Someone reported having a password checker reject a password on the basis of
"partial word match".
> What math did you use to decide on this? Because if you're just
> seeing how many times a given three letter phrase *could* show up
> within eight characters, you're definitely missing the larger
> picture.
See below. But you have it backwards - I am calculating the percentage of
n-character passwords which will contain fragments of length m. That is, how
much your keyspace (nontechnically) is reduced.
>> Word count of dictionary: 263,533 words.
> I presume this is Linux's /usr/dict/words? You might be interested
> to know that Solaris's is only 25143 words...

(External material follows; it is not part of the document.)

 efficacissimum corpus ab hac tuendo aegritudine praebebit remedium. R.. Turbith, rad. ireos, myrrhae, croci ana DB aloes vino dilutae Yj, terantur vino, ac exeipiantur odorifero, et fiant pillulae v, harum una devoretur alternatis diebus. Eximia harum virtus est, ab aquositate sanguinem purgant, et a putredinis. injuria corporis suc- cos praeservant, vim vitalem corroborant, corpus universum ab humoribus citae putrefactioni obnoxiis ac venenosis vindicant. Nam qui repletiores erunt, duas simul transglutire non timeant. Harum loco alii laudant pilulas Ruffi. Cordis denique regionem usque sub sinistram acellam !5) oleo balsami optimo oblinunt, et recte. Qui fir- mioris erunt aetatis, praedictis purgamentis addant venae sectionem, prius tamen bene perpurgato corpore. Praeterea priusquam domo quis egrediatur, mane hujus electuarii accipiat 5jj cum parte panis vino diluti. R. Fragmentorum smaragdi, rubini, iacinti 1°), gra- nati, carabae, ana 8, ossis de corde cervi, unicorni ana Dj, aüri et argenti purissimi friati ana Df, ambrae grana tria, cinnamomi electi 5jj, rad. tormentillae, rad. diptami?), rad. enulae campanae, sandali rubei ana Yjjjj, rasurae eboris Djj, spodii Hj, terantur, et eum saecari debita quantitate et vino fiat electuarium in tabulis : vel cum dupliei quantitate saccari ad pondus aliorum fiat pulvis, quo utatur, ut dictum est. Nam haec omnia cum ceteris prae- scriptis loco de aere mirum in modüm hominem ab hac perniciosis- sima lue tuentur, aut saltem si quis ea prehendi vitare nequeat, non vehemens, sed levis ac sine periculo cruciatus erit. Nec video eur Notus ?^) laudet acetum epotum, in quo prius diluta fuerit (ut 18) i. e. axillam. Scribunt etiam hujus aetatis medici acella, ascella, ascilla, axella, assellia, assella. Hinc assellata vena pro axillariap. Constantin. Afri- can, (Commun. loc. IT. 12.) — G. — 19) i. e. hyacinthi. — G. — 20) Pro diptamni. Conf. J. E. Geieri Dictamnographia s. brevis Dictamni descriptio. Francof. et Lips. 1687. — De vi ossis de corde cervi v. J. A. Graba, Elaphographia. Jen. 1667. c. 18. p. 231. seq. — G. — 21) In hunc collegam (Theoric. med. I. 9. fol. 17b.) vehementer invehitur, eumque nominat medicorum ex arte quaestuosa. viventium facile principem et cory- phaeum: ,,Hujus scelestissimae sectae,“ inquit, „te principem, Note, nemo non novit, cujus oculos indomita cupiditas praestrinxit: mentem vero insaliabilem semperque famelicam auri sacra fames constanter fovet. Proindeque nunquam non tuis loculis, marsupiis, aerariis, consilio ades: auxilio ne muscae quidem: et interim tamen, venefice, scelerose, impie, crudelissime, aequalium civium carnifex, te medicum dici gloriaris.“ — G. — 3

It's Debian GNU/Linux's, yeah. Probably different distros have different
dictionaries.
gabriel rosenkoetter wrote:
>
> On Thu, Nov 29, 2001 at 03:28:17PM -0500, Darxus@chaosreigns.com wrote:
> > At the picnic it was suggested that disallowing passwords which contained
> > dictionary words would reduce the strength of the password, by reducing the
> > number of possible passwords. The question was, how effective would a
> > reverse dictionary attack be ?
>
> That's an interesting theory. I don't agree with the math that was
> in Dave's post, though. Did it include numerals? Shifted numerals?
> Count upper- and lower-case letters as the same or different? What
> about control characters, some of which are A-OK in a password, and
> which I frequently use? To do this right, you really have to base your
> search space not on natural language but on ASCII codes, removing
> the ones that are not useable, like ^M, ^J, ^C, ^[, ^H, ^V, and
> anything it's not possible to issue with a keystroke (0x00 through
> 0x06, if memory serves), but including everything you can get with
> the meta-key and so forth (that is, everything upwards of 0x7F; note
> that that more than doubles your character search space). Yes, I
> really do use these characters in passwords and -phrases. Routinely.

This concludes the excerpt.